Assignment:
Reproduce each line below precisely. Drop the pictures.

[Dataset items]
┌──

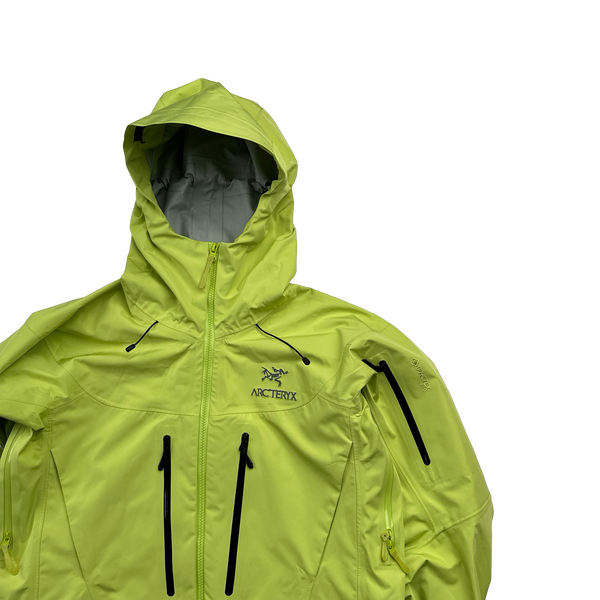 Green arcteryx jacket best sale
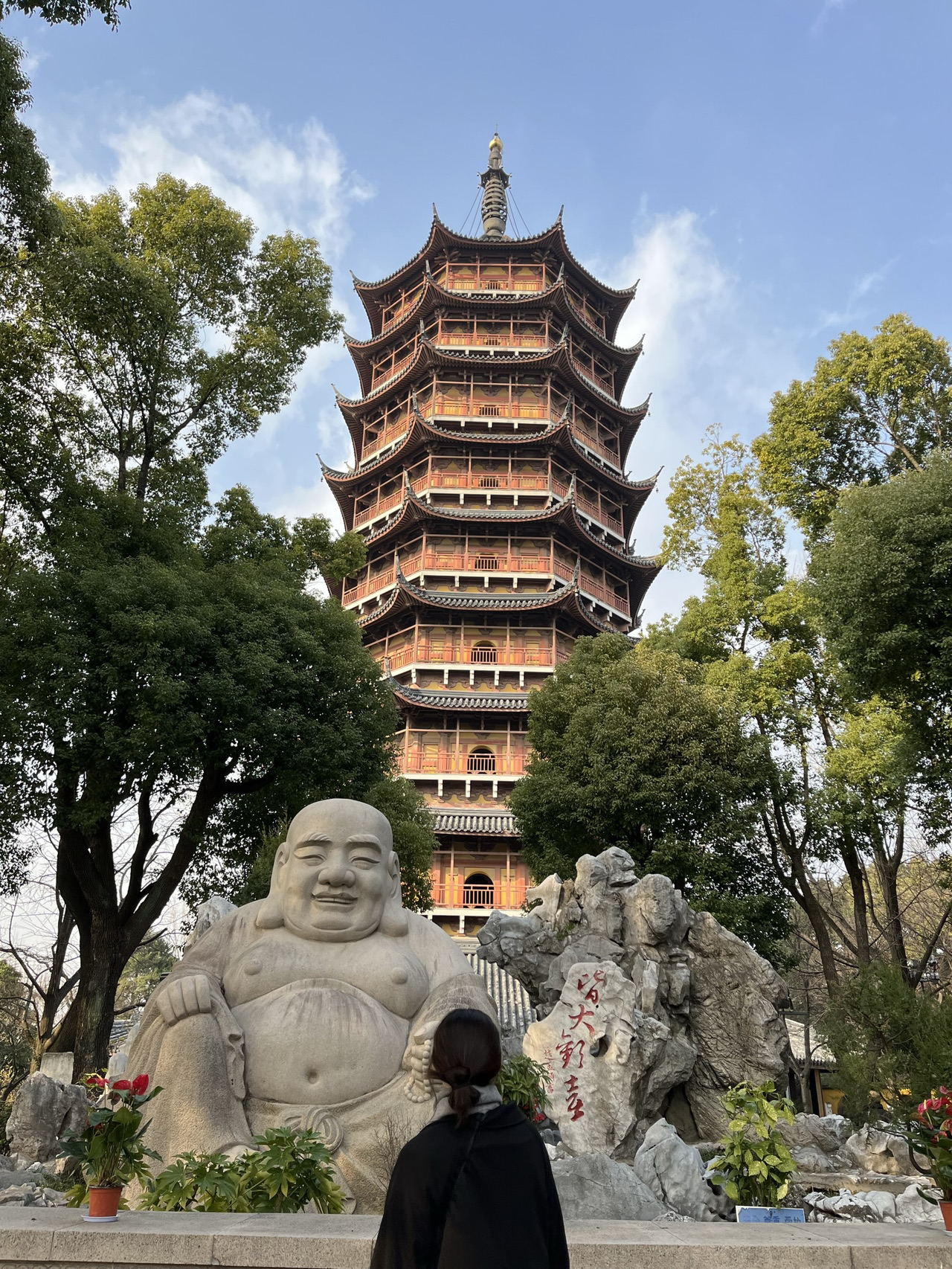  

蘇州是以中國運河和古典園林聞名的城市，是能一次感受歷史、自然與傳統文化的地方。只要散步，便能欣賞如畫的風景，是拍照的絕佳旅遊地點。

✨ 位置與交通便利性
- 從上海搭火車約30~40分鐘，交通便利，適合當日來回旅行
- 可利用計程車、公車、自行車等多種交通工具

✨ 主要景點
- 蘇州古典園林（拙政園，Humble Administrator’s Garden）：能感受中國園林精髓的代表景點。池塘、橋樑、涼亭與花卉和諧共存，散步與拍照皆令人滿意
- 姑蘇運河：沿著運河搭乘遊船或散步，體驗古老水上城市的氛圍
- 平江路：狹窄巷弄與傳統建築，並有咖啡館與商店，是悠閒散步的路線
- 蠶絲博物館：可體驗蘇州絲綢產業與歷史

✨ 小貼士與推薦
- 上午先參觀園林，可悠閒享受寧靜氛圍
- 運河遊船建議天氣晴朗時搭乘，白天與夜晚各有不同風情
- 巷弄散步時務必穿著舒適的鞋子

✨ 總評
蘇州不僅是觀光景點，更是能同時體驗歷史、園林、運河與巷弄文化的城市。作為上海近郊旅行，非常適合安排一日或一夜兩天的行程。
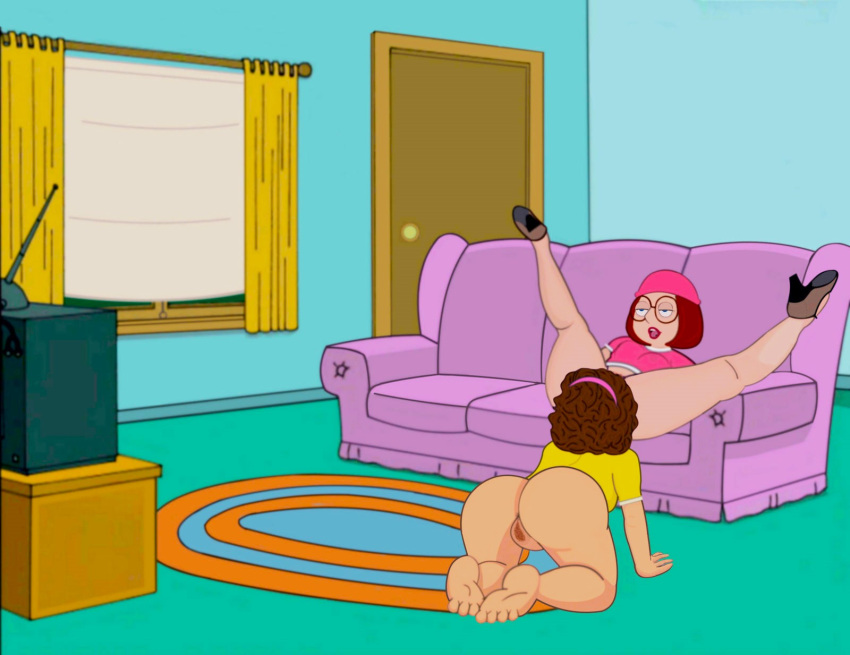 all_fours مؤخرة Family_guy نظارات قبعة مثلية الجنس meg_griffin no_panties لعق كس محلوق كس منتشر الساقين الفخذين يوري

└──

Answer for this exercise:
 Green arcteryx jacket best sale

蘇州是以中國運河和古典園林聞名的城市，是能一次感受歷史、自然與傳統文化的地方。只要散步，便能欣賞如畫的風景，是拍照的絕佳旅遊地點。

✨ 位置與交通便利性
- 從上海搭火車約30~40分鐘，交通便利，適合當日來回旅行
- 可利用計程車、公車、自行車等多種交通工具

✨ 主要景點
- 蘇州古典園林（拙政園，Humble Administrator’s Garden）：能感受中國園林精髓的代表景點。池塘、橋樑、涼亭與花卉和諧共存，散步與拍照皆令人滿意
- 姑蘇運河：沿著運河搭乘遊船或散步，體驗古老水上城市的氛圍
- 平江路：狹窄巷弄與傳統建築，並有咖啡館與商店，是悠閒散步的路線
- 蠶絲博物館：可體驗蘇州絲綢產業與歷史

✨ 小貼士與推薦
- 上午先參觀園林，可悠閒享受寧靜氛圍
- 運河遊船建議天氣晴朗時搭乘，白天與夜晚各有不同風情
- 巷弄散步時務必穿著舒適的鞋子

✨ 總評
蘇州不僅是觀光景點，更是能同時體驗歷史、園林、運河與巷弄文化的城市。作為上海近郊旅行，非常適合安排一日或一夜兩天的行程。
 all_fours مؤخرة Family_guy نظارات قبعة مثلية الجنس meg_griffin no_panties لعق كس محلوق كس منتشر الساقين الفخذين يوري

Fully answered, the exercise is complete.